Web page caption snippets:

+++

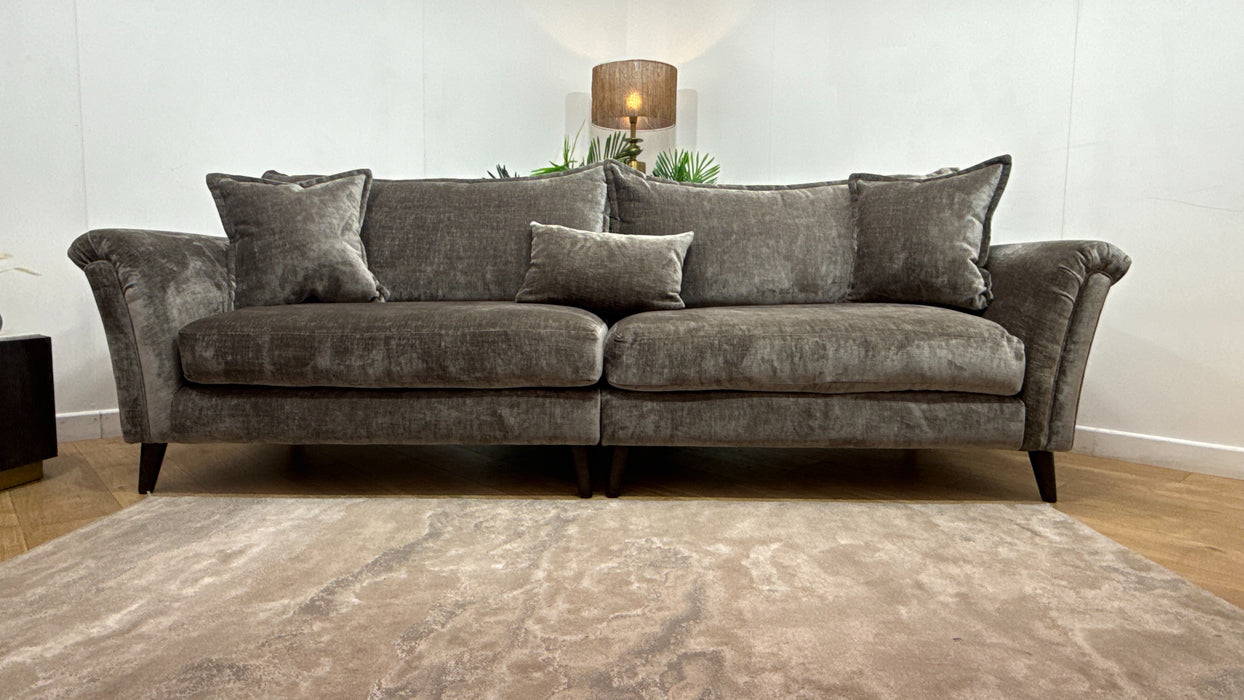 Sofology Beaumont Fabric 4 Seater Split Feather Flex Seats in Luxury Chenille Truffle
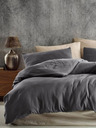 Kvalitex Francouzské mušelínové povlečení 240x220, 70x90cm tmavě šedé Kvalitex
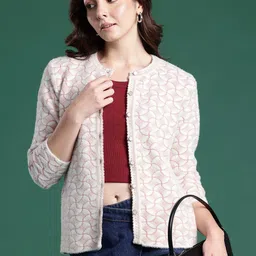 Cayman Women Self Design Woollen Cardigan-image-3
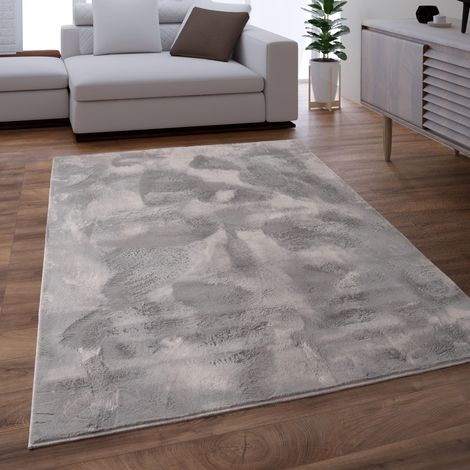 Paco Home Teppich Wohnzimmer Kunstfell Shaggy Hochflor Waschbar In Waschmaschine Soft Uni Grau 120x170 cm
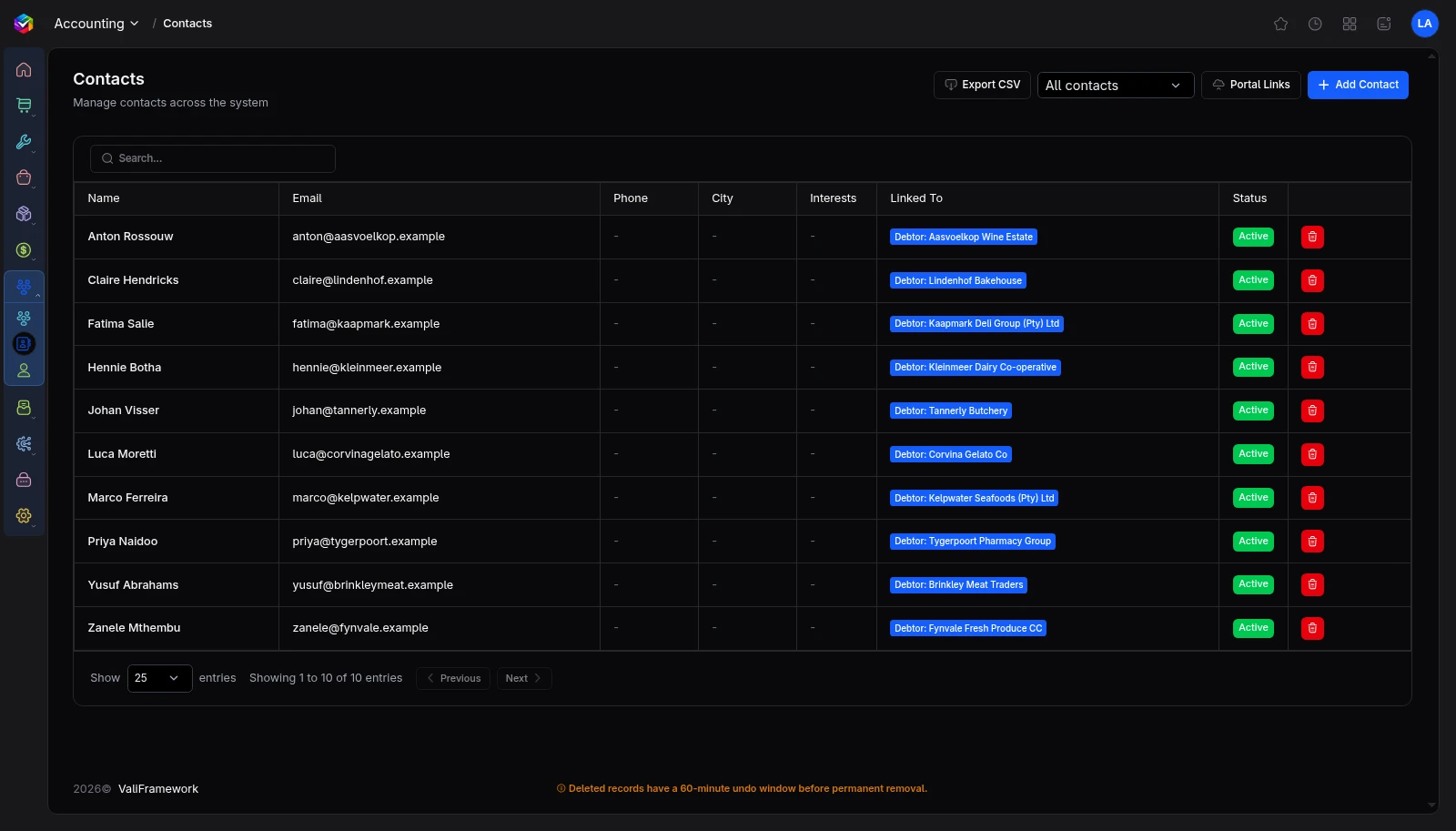 Vali CRM screen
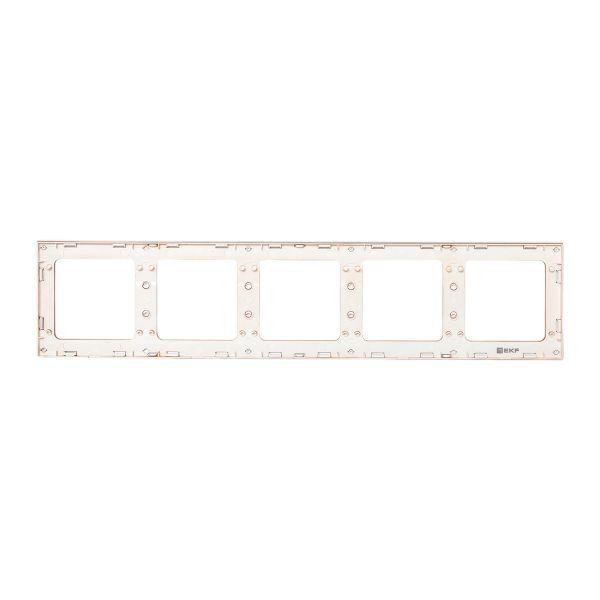 Рамка 5-м Стокгольм бел. с линией цвета шампань EKF EAM-G-306-20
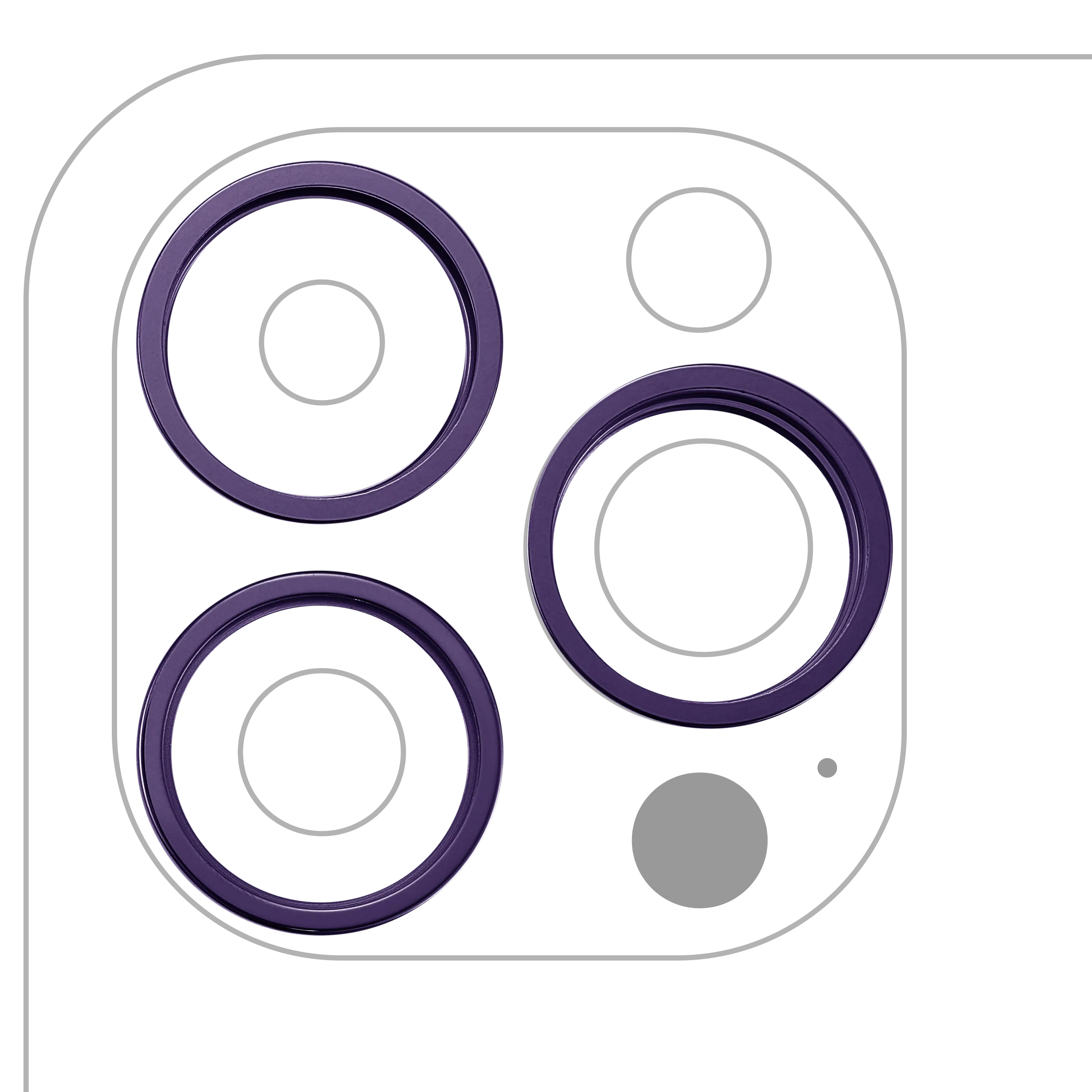 Aro embellecedor de la cámara trasera (solo) para iPhone 14 Pro / 14 Pro Max (juego de 3) (Morado oscuro) (pack de 10)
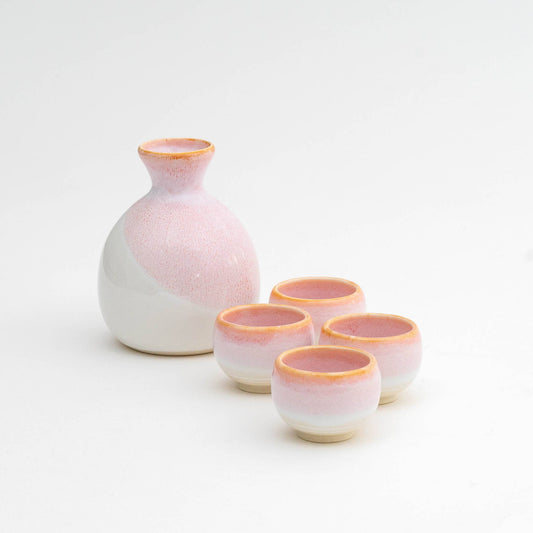 Japanese Pale Pink Sake Set - 5Pcs with gift box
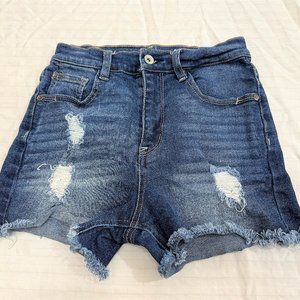 🫐🫐🫐 WALLFLOWER THE MOM HIGH RISE WOMENS JEANS DISTRESSED SHORTS SIZE 1 🫐🫐🫐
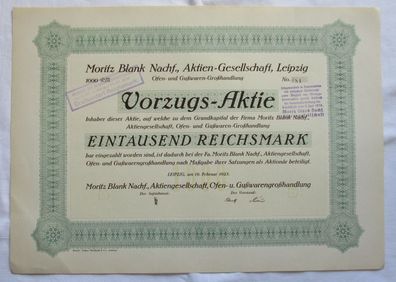 1.000 RM Aktie Moritz Blank Nachf. AG Leipzig 19.02.1925 (147190)
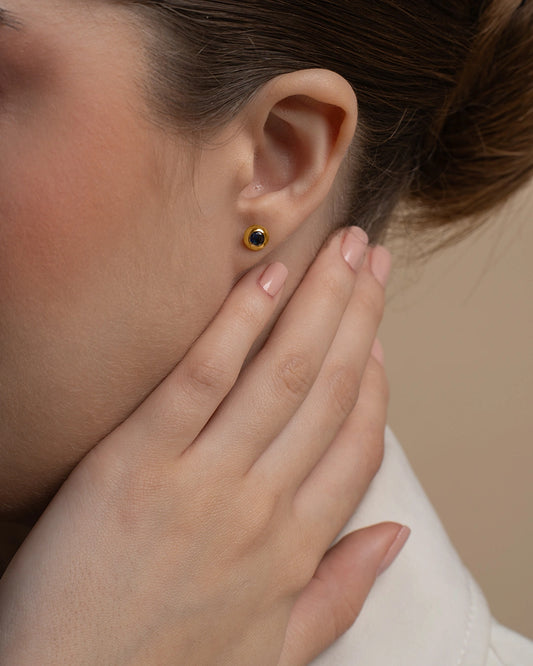 Bezel Blue Studs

+++

Exercise aim:
Give the entries above again word for word, without the pictures.

Response to the task:
 Sofology Beaumont Fabric 4 Seater Split Feather Flex Seats in Luxury Chenille Truffle
 Kvalitex Francouzské mušelínové povlečení 240x220, 70x90cm tmavě šedé Kvalitex
 Cayman Women Self Design Woollen Cardigan-image-3
 Paco Home Teppich Wohnzimmer Kunstfell Shaggy Hochflor Waschbar In Waschmaschine Soft Uni Grau 120x170 cm
 Vali CRM screen
 Рамка 5-м Стокгольм бел. с линией цвета шампань EKF EAM-G-306-20
 Aro embellecedor de la cámara trasera (solo) para iPhone 14 Pro / 14 Pro Max (juego de 3) (Morado oscuro) (pack de 10)
 Japanese Pale Pink Sake Set - 5Pcs with gift box
 🫐🫐🫐 WALLFLOWER THE MOM HIGH RISE WOMENS JEANS DISTRESSED SHORTS SIZE 1 🫐🫐🫐
 1.000 RM Aktie Moritz Blank Nachf. AG Leipzig 19.02.1925 (147190)
 Bezel Blue Studs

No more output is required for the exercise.